Item 3 was the one that was going to attract the most attention, discussion of Governor Brown’s 12-point pension reform plan.  There wasn’t too much discussion, since we’d discussed this twice before (at a previous meeting and at the strategic planning session).  So it was mostly just getting to a statement of support, or not.  A number of public speakers encouraged support for it.  The biggest debate seemed to be whether we were going to vote on the entire 12-point plan or take each point one-by-one.  But we voted 5-2 to endorse the entire plan (I concurred).

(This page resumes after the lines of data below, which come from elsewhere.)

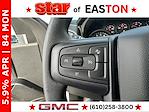 2025 GMC Sierra 1500 Crew Cab 4x4 Pickup for sale #451207 - photo 21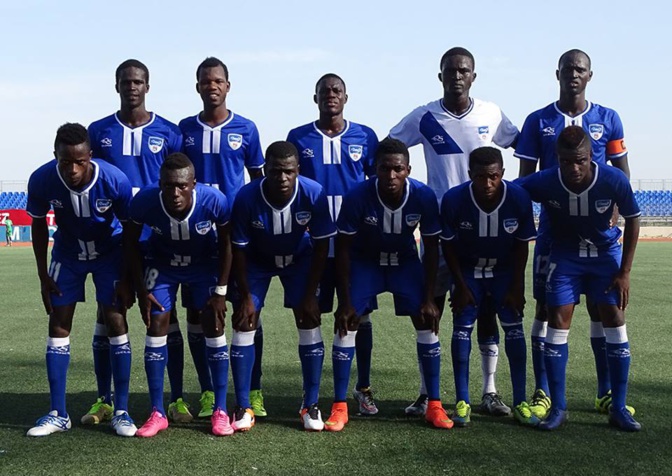 1/8 de finale Coupe de la Ligue: TFC et GF confirment leur rang, Diambars chute, 1ère victoire de Gorée avec Moussa Diatta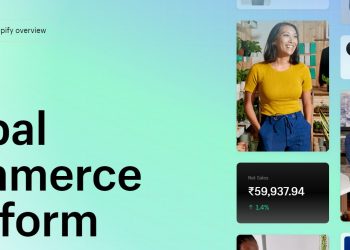 Shopify : The global commerce platform. Build your business with Shopify to sell online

I don’t think all 12 points are necessarily a good idea.  A couple of his points are potentially bad for the city, or they could be done in better ways.  And his perspective is very much state-wide, whereas we would be better served with local control in some cases.  The biggest problem I have is with the hybrid pension program.  A resident who used to be a firefighter in another jurisdiction explained it to me this way – 401K programs or the like are based on the idea of having 30-40 years to contribute, in order to obtain a reasonable benefit.  Firefighters in particular cannot perform their jobs for 30-40 years, and most can only do far less due to physical limitations or outright damage over time.  Adopting a scheme that penalizes them doesn’t make sense to me.  But in the end, the plan is good, on balance, and the specifics of the plan aren’t that important.  There are some definite abuses that need to be stamped out, and the state needs to take pension reform seriously, in some form.  And it’s not like Governor Brown was going to say “well, I had 12 great points, but the Sunnyvale folks don’t like point #3, so I’m going to drop that one”.  The most important thing is that the legislature doesn’t drop the ball.  And hopefully, we sent that message.

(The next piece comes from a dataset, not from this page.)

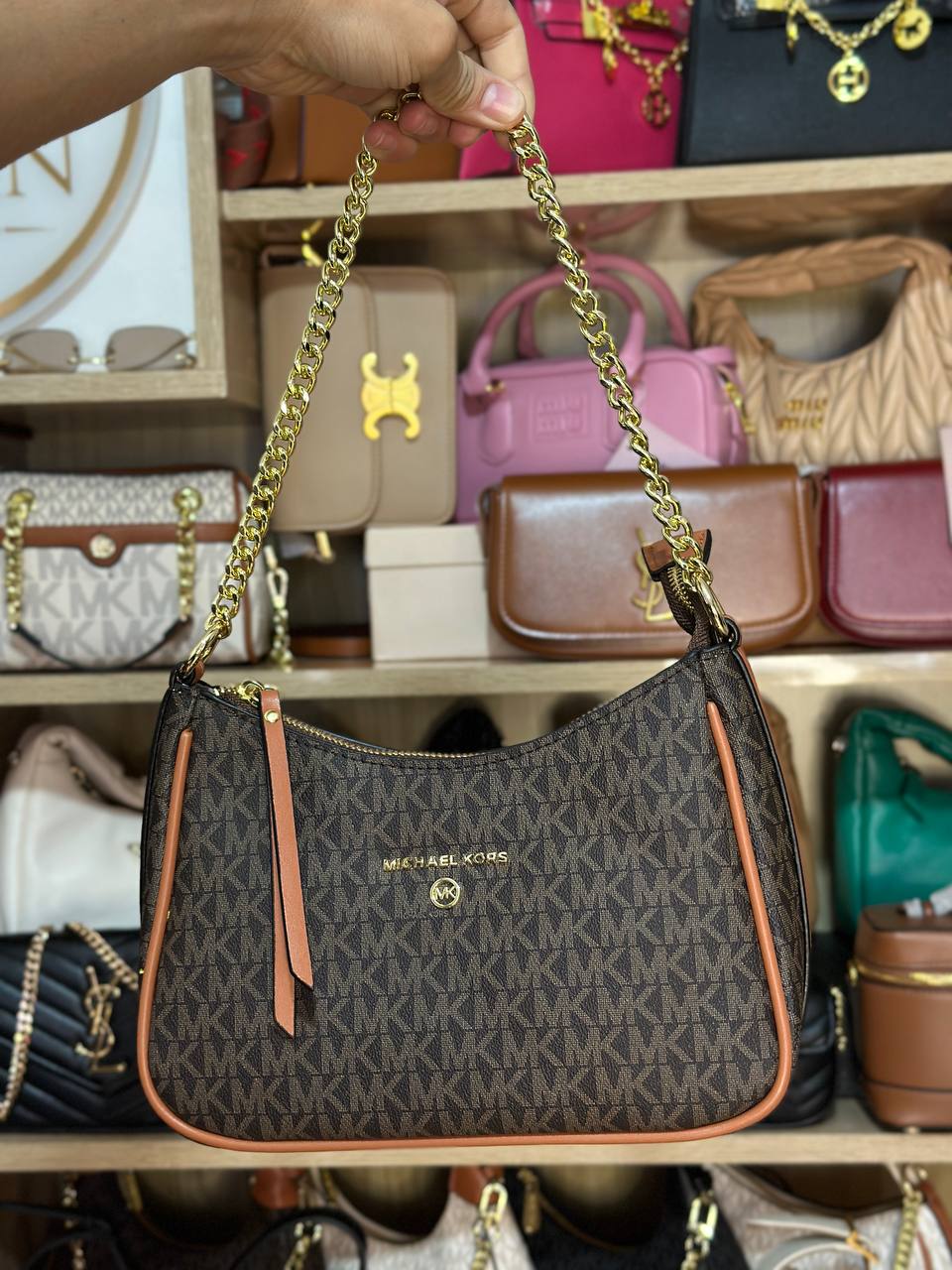 Sac mickael kors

Item 4 involved something of a sad task – figuring out how we will replace David Kahn as City Attorney.  We had a number of challenges to address – how to recruit a new CA, what recruiting firm to use, how to choose an interim CA, and so on.  Again, this discussion got a bit off-track and went off into areas that weren’t that productive.  But in the end, we decided on a 7-0 vote to 1) have the full council interview the interim city attorney candidates, 2) to have interviews as soon as reasonably possible to create as much overlap time as possible between David and the interim CA, and 3) to have staff choose a recruiting firm for us to use.

Item 5 involved an interesting notion – allowing the use of “back in, head out” diagonal parking.  Currently, our diagonal parking is always “drive in, back out”, but there is some evidence that reversing the angle of the parking creates safer conditions – primarily because visibility is better when leaving.  This item was not to actually authorize this kind of parking at any one location, but rather to amend our city code so that staff can at least pursue it.  Right now, our code doesn’t even allow this kind of parking.  After some discussion, I moved to approve the ordinance, with an amendment suggested by a colleague and encouraged by staff involving distance from the curb, and the motion passed on a 7-0 vote.

Item 6 involved the second reading of our ordinance prohibiting smoking in public parks other than golf courses.  There was some discussion aimed at trying to get us to adopt stricter standards, but we approved the second reading on a 6-1 vote (I agreed).

Item 7 involved the master work plans for our boards and commissions.  This was non-controversial, and I moved to accept the work plans, with one small change to the H&HS master work plan (for consistency), and it was passed on a 7-0 vote.

Item 8 involved possibly taking a position on the Santa Clara Unified School District ballot measure.  This was mostly the same discussion that we usually have with school district bonds or parcel taxes.  After some discussion, we voted 6-1 to endorse Santa Clara Unified’s Measure A.  I hope you’ll vote for it in May.

And that was it.  We had some IGR reports, nothing substantive, and then we called it a night.  We’re off for three weeks, although we’ll be doing some business in the mean time – interviewing the interim CA candidates, a closed session regarding labor negotiations with SEA, possibly some other stuff.  I think staff needs the break more than I do, since this is the heart of budget season.